By Helen Gloege ’23
Staff Writer
At the end of 2020, the U.K government approved planting trees in over 100 acres of a northern England peat bog. Peat bogs, areas where plants have been decaying over thousands of years into soil that traps their carbon, can store twice as much carbon dioxide as forests. When the trees were planted in northern England, they effectively dried out the soil, causing carbon to be released from the bogs and ending the project before it was ever finished.
Since plants are responsible for removing carbon dioxide from the atmosphere and releasing oxygen, it is expected that trees can help limit climate change. However, many tree planting programs like the trees planted in northern England face poor planning and lack of foresight that can cause more harm than good. Trees must be planted in locations where they match the existing biodiversity rather than disrupt it. Native trees are better equipped to handle a given area’s conditions, whereas non-native trees may increase the risk of fire, change the soil or decompose and release carbon faster.
Recent studies have found that terrestrial ecosystems, which often include trees, are becoming less reliable as temporary climate change mitigators.
A recent study conducted by an international team of scientists from December 2020 titled “Recent global decline of CO2 fertilization effects on vegetation photosynthesis” published in the research journal Science concluded that if the trend of rising CO2 levels continues, 86 percent of land ecosystems globally will become progressively less efficient at absorbing CO2. Carbon dioxide is necessary for plant growth, and elevated concentrations of CO2, in a process known as the CO2 fertilization effect, can cause an increase in photosynthesis.

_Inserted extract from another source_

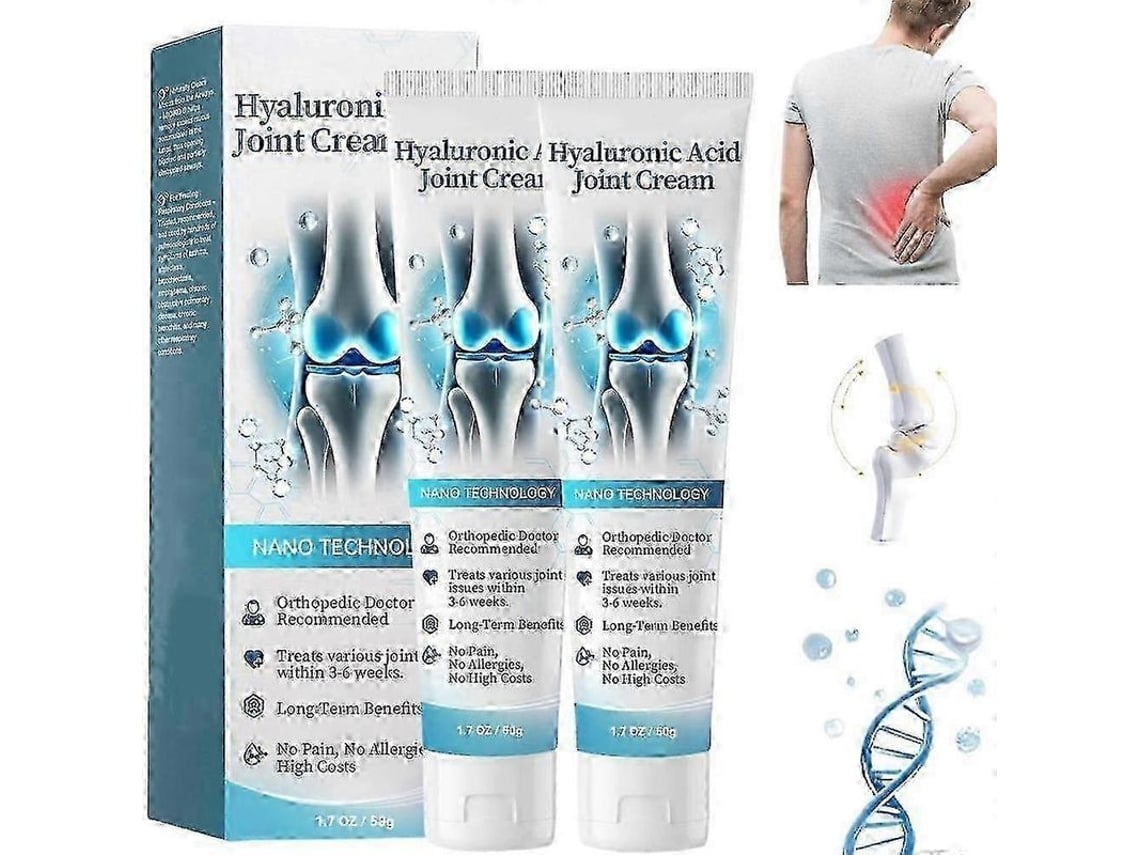 Crema De Ácido Hialurónico Para Articulaciones, Cuidado Avanzado Para Espalda, Cuello, Manos Y Rodillas.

The researchers analyzed satellite-derived and model-based datasets to understand the effect of increasing CO2 levels on CFE. The study found that, since 1982, the global average CFE has decreased from 21 percent to 12 percent per 100 parts per million of CO2 in the atmosphere. Without feedback between photosynthesis and elevated CO2, climate change will likely occur at a faster rate. Additional lack of water, nutrients and sunlight could also limit growth. In the tropics, there is not enough nitrogen or phosphorus to sustain photosynthesis. In the higher latitude temperate and boreal regions of the globe’s northernmost forests, soil moisture is more limited because of recent warming.
The decline in the CFE is more substantial than current land surface models have shown. The study also used remote-sensing observation instruments that allowed researchers to account for nutrient feedback and soil moisture limitations. This new information will force an adjustment of the remaining carbon budget to account for the weakening of plant CFE. These land ecosystems will not be as reliable for climate mitigation in the coming decades.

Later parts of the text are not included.